The Gates Foundation, we learned this week, is backing away from its environmental efforts, slashing staff and funding for projects that sought in part to address global climate change. Bill Gates is "retooling his empire for the Trump era," as The New York Times put it. No mention in that story of AI, surely one reason why, as the article notes in passing, that the "demand for electricity is rising sharply" – a phrasing that relies on the passive voice construction to obscure the deep ties between the computing and the fossil fuel industries, between Gates's immense wealth and the destruction of the planet.

We are in the midst of a "war on the future," as Jamelle Bouie put it – a war against education, the environment, science, healthcare, a war against our very survival. And philanthropy won't save us. Indeed, the purpose of philanthropy has never been thus. At the end of the day, it's always been just a tax dodge.

I do confess, however: I am always sort of shocked that, somewhere along the way, we forgot that Bill Gates and Microsoft are the villains in this story-line.

This couldn't have been more clear in the 1980s and 1990s, I reckon – the US government's anti-trust lawsuit against Microsoft was perhaps the culmination of this widely held belief that the company was just bad. The lawsuit challenged Microsoft's monopolistic behavior with regard to how its operating system's handled (or not) competitors' web browsers. But there were other signals that Gates's and Microsoft' dominance were problematic economically, technologically, culturally. Microsoft was the Borg, for crying out loud. And when Bill Gates became the richest man in the world in the mid-1990s, both he and his software company were reviled. Reviled.

Of course, Gates stepped down as CEO of Microsoft soon after to focus on his philanthropic efforts, and he's been incredibly successful at laundering his reputation. His name is probably more synonymous now with his foundation's work than with his company's shady and litigious business practices or its shoddy, bloated software. That's what being a billionaire gets you, I guess. (Or once got you. I like to believe this is one of the things that makes Mark Zuckerberg so damn mad: he's rich and ostensibly "charitable," and everyone still hates his guts.)

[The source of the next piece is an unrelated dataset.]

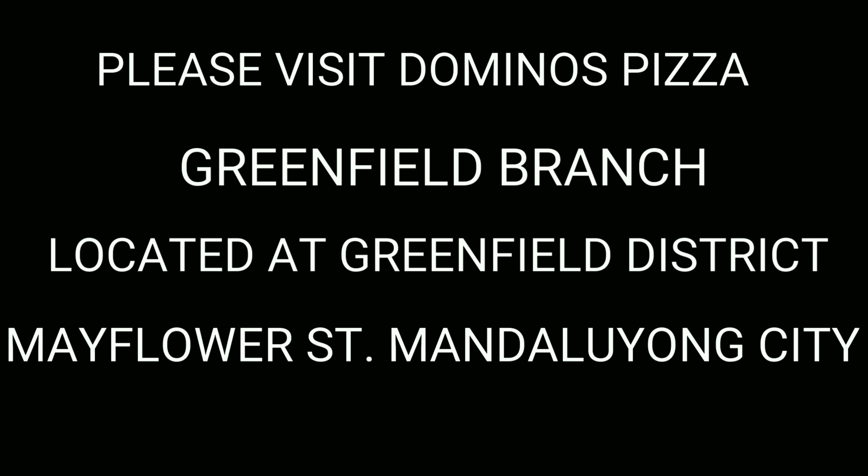You're welcome. One medium. For dining? For takeout? For dining. Anything else, ma'am? No, that's all. 349. Anything else, ma'am?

Some time in the final decades of the twentieth century – was it before or after that anti-trust lawsuit, I'm not sure – American society gave up on taxing the wealthy, gave up on funding and extending the New Deal security and stability to everyone – lured by the false promise, no doubt, that big business and philanthropy would handle the things that Ronald Reagan and Milton Friedman insisted government could not. We were all told that, sure, there'd be no more social safety net, but everything would be okay: we had computers now, we had the Internet.

Rather than vanquishing Microsoft (or tech billionaires), we've bent many of our practices towards its products, its ideology. Microsoft Office and its various competitors' clones have become utterly ubiquitous in the white-collar workplace and in the classroom, and we've completely surrendered "work" to the company's mundane vision of productivity software – tools that produce "bullshit jobs" in turn; tools that, it's worth noting, have done nothing much at all to boost actual productivity (at least as economists measure it) in the intervening decades. Somehow we're all busier than ever clicking on things; but we're not getting much more done. We're all relatively poorer too, while billionaires like Bill Gates are richer than ever before.

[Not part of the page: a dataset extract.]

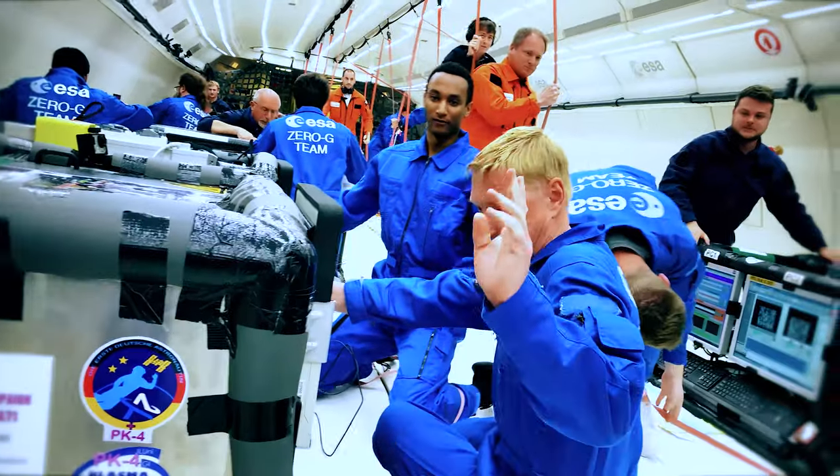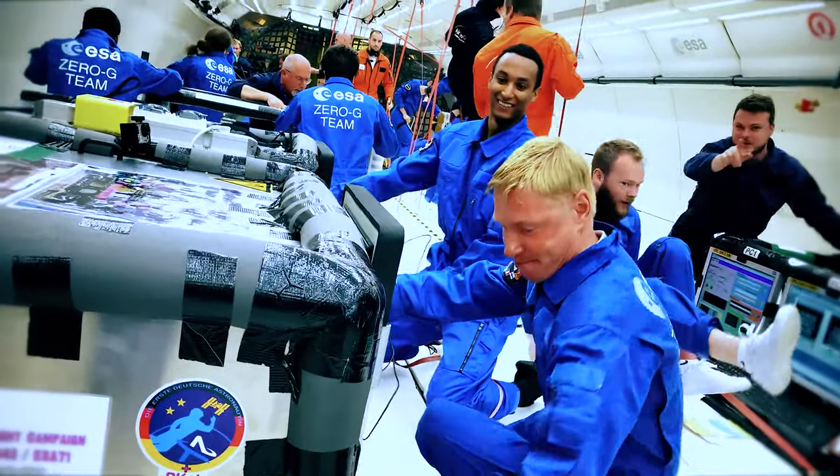How are you, Markus? Fine, everything's fine. Everything works — the experiment is running. Perfect.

Long before this country's recent turn toward techno-autocracy, Bill Gates has wielded his power – the power of an oligarch, which to be crystal clear is fundamentally an anti-democratic power – to "reform" public education; and certainly no one else has been as influential in shaping American education policy, bending all policy towards technology policy – whether in instruction or assessment. Bill Gates gave us InBloom. Charter schools. The Common Core. He gave us Sal Khan and Khan Academy, the latter of which is now synonymous with education technology and certainly with AI-as-instruction. And what a coincidence: Khan Academy's AI product Khanmigo runs on ChatGPT, the main product of OpenAI, whose largest funder is Microsoft.

We live in the future that Bill built; and it's a future that will never challenge oligarchy, because – I hope people will someday start to notice – computing technology itself has embraced and enabled neoliberalism, has accelerated inequality and autocracy. The industry has explicitly targeted some of the pillars of democracy for "disruption": journalism most famously, but also so clearly public education.

The glitzy TED-talk future of individualized, video-based instruction and chatbot teachers is, of course, decades and decades and decades old now, so maybe we've just grown accustomed to its rollout. Much like Microsoft Office, a few buttons and commands just get moved around and relabeled every couple of years, and still everyone is compelled to buy a new license for the "upgrade."

Gates' vision and thus, his foundation's grant-funding patterns have been pretty consistent since its launch, with some of his language simply updated to match the latest hype cycle – what once was "adaptive learning" is now "AI." Since the late 1990s, he has dreamed of (and funded) a world of "personalized education," unlocked via algorithmically-driven content-delivery systems that enable "lifelong learners" to "move at their own pace" through standardized curricula, with immediate feedback from some sort of "pedagogical agent" – once upon a time from Clippy and now from a different ChatGPT interface.

None of Gates' vision for education has ever really worked as promised – I mean, look around, for crying out loud. But of course, it doesn't have to (and not simply because, under Trump, we're apparently no longer going to collect the data with which we might assess such things).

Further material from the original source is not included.